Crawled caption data

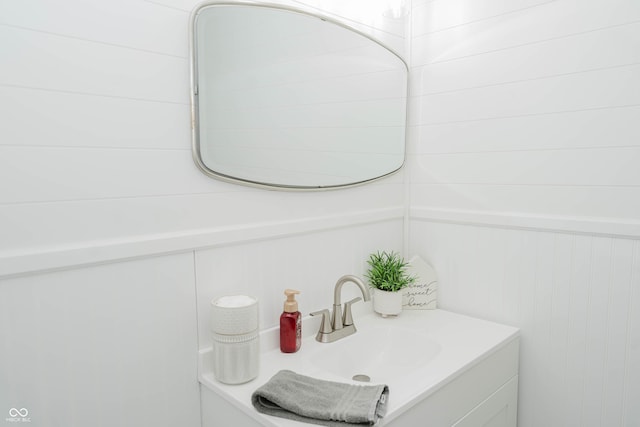 bathroom featuring vanity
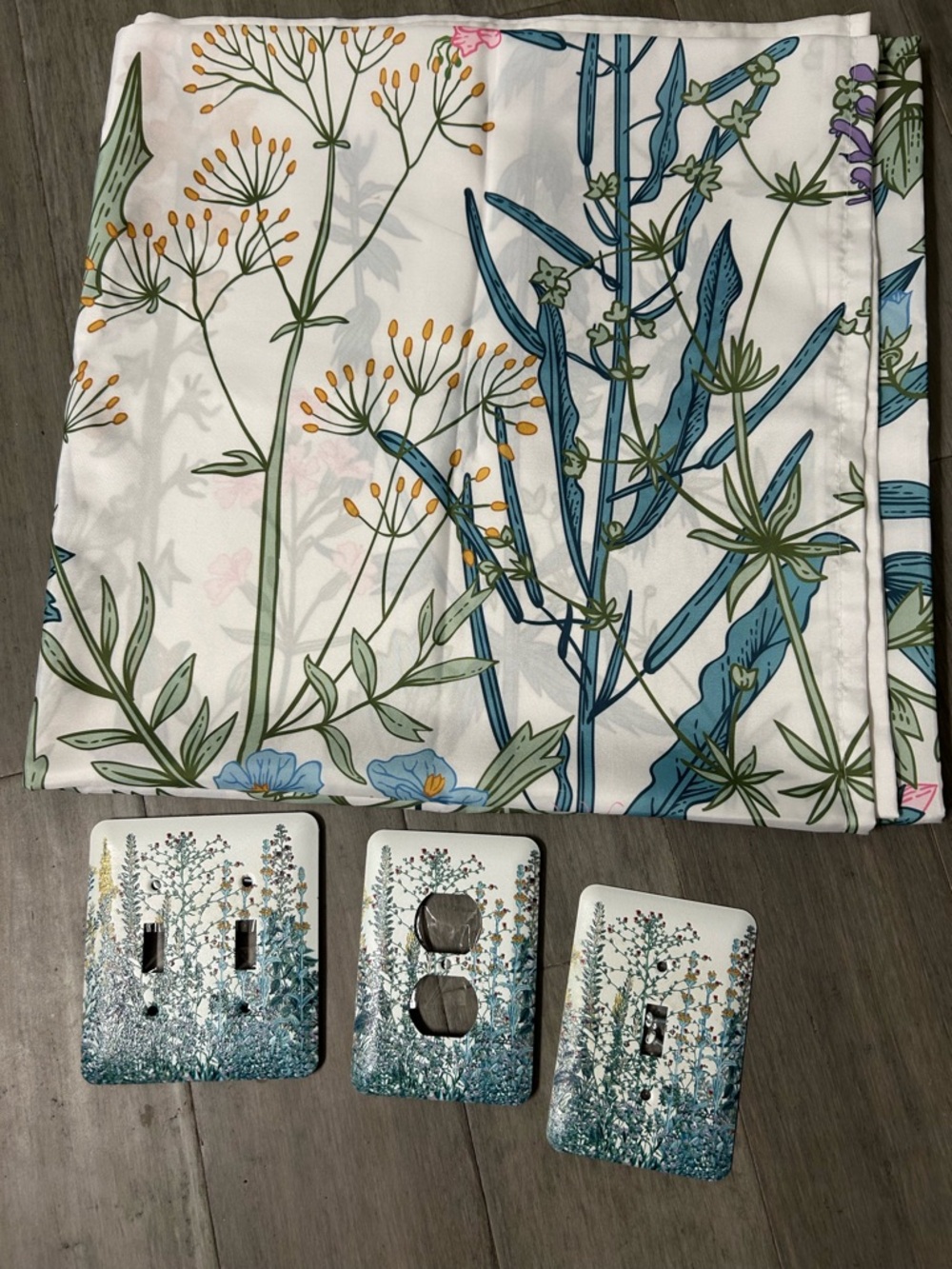 Bathroom set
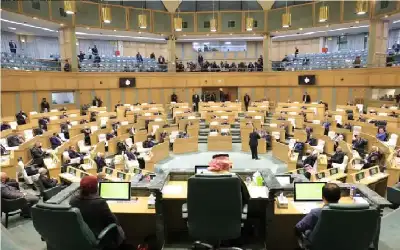 البرلمان الأوروبي تحظر استخدام التواصل الاجتماعي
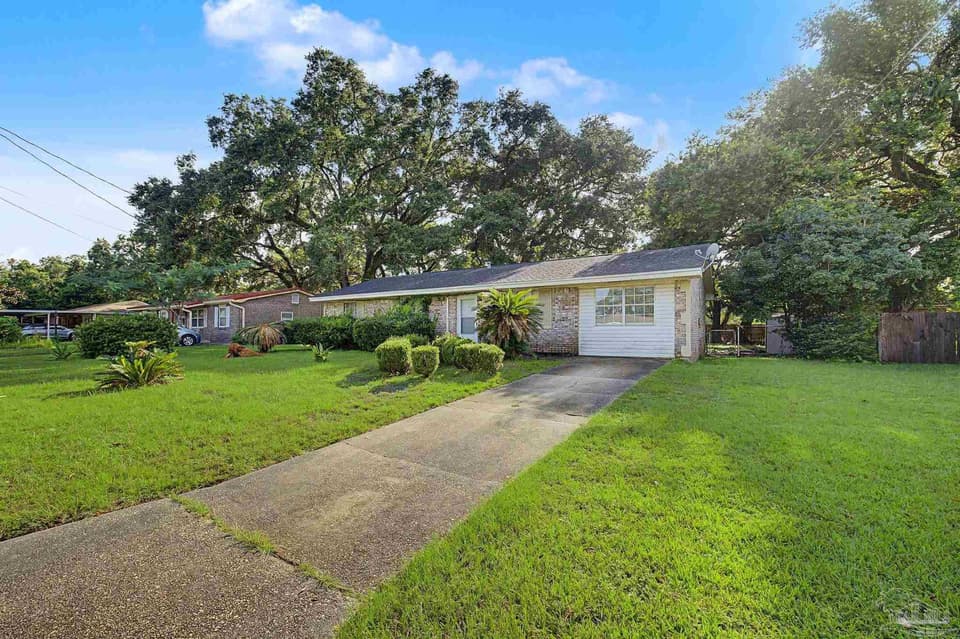 7231 Chapel St, Pensacola FL 32504 photo 1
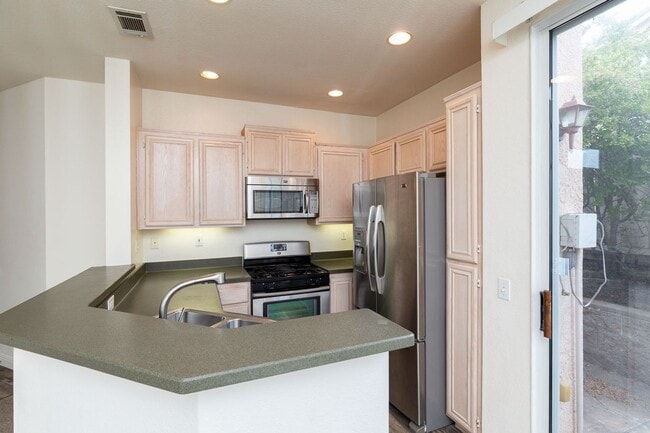 Building Photo - 2 Bedroom Townhome in Scripps Ranch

> Your task
The entries above need to be transcribed word for word, and the pictures stay out.

> Task output
 bathroom featuring vanity
 Bathroom set
 البرلمان الأوروبي تحظر استخدام التواصل الاجتماعي
 7231 Chapel St, Pensacola FL 32504 photo 1
 Building Photo - 2 Bedroom Townhome in Scripps Ranch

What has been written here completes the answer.